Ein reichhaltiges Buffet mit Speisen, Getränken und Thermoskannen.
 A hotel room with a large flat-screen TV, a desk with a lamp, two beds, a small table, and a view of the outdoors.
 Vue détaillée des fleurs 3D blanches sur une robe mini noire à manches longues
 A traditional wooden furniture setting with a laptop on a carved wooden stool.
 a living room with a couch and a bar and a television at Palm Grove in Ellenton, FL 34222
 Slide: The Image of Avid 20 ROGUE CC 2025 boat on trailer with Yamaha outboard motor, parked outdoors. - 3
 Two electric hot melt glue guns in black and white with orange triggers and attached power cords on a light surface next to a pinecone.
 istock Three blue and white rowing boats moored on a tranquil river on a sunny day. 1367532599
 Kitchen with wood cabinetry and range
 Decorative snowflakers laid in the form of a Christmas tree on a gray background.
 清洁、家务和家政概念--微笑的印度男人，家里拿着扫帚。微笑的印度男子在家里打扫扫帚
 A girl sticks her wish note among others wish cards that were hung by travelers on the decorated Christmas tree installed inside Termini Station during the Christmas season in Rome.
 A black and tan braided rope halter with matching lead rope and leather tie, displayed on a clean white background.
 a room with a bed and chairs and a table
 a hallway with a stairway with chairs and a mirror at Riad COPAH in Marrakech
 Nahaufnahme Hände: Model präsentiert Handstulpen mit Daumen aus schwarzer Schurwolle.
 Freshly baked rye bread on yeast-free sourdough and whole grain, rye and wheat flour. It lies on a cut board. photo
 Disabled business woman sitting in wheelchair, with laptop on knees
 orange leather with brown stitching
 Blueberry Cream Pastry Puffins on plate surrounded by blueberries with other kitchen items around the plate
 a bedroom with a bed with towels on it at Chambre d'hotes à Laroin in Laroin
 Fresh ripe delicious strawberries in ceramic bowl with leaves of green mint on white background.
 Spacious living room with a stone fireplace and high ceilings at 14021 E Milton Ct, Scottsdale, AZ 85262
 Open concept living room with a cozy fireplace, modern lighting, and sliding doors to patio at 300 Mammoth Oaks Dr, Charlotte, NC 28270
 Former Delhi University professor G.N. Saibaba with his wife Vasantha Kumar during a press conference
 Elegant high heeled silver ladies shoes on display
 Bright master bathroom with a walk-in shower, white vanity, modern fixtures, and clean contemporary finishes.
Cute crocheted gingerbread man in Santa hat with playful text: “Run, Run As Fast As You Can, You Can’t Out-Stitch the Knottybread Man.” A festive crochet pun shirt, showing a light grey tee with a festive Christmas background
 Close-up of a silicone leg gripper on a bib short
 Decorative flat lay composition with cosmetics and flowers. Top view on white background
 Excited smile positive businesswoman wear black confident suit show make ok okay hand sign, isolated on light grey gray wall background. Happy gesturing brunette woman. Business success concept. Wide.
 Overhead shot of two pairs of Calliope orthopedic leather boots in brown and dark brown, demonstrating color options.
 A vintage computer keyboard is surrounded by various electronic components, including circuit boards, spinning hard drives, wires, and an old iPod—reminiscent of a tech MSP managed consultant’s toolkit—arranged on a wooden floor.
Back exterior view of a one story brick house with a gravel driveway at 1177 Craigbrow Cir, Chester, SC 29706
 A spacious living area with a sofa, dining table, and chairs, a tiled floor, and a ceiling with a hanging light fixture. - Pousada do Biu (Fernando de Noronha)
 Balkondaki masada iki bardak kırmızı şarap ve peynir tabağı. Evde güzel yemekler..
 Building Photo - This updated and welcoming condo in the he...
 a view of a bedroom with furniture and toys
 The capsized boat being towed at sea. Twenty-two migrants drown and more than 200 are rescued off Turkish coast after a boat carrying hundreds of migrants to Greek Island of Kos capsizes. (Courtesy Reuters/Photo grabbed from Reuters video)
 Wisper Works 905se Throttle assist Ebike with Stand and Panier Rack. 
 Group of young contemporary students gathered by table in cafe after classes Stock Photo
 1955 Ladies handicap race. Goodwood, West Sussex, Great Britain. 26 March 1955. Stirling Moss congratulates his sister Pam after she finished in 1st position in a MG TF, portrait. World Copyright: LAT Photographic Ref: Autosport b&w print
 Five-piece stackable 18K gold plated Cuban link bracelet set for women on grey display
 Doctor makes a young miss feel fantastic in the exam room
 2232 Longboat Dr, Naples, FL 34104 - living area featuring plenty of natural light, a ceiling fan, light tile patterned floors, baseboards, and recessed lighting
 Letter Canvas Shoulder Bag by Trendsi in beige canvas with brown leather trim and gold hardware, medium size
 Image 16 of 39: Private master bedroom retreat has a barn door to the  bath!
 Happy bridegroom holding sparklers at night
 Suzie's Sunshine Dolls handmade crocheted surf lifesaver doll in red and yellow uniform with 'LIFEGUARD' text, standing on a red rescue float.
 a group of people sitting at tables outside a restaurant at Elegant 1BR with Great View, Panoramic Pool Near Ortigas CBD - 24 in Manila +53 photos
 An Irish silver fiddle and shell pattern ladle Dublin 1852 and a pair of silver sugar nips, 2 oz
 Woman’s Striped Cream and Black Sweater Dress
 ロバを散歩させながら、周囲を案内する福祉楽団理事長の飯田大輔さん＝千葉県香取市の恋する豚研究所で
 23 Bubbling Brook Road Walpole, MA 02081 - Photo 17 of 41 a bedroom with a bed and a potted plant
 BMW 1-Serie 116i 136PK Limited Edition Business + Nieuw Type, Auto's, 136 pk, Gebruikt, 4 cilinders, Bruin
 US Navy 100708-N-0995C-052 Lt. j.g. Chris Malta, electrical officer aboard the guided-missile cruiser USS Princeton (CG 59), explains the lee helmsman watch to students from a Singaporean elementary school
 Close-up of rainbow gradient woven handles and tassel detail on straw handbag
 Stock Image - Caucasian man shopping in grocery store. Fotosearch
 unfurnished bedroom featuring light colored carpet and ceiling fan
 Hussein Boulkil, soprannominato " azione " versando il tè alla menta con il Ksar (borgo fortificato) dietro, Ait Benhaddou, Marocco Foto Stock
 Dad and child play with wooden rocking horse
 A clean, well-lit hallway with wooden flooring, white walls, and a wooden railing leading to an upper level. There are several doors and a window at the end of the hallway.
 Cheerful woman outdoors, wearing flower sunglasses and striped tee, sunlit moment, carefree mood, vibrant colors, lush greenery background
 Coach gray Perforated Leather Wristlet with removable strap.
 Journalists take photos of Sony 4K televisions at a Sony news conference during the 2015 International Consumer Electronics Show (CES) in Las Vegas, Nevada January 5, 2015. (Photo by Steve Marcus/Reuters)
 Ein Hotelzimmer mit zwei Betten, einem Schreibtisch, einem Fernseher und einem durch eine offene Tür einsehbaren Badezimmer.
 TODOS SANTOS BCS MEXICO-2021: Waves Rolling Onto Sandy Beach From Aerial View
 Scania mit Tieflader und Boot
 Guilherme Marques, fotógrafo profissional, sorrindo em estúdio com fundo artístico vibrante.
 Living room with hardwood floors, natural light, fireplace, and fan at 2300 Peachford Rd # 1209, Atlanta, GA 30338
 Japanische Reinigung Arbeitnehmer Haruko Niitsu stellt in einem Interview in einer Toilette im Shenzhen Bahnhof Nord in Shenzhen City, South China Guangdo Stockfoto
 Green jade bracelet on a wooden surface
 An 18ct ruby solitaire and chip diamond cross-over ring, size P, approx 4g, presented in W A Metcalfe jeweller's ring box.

**WHAT NEEDS TO BE DONE**
Write out exactly each line of the entries, starting at the one containing "TODOS SANTOS BCS" and finishing with the last line.

**ANSWER BELOW**
 TODOS SANTOS BCS MEXICO-2021: Waves Rolling Onto Sandy Beach From Aerial View
 Scania mit Tieflader und Boot
 Guilherme Marques, fotógrafo profissional, sorrindo em estúdio com fundo artístico vibrante.
 Living room with hardwood floors, natural light, fireplace, and fan at 2300 Peachford Rd # 1209, Atlanta, GA 30338
 Japanische Reinigung Arbeitnehmer Haruko Niitsu stellt in einem Interview in einer Toilette im Shenzhen Bahnhof Nord in Shenzhen City, South China Guangdo Stockfoto
 Green jade bracelet on a wooden surface
 An 18ct ruby solitaire and chip diamond cross-over ring, size P, approx 4g, presented in W A Metcalfe jeweller's ring box.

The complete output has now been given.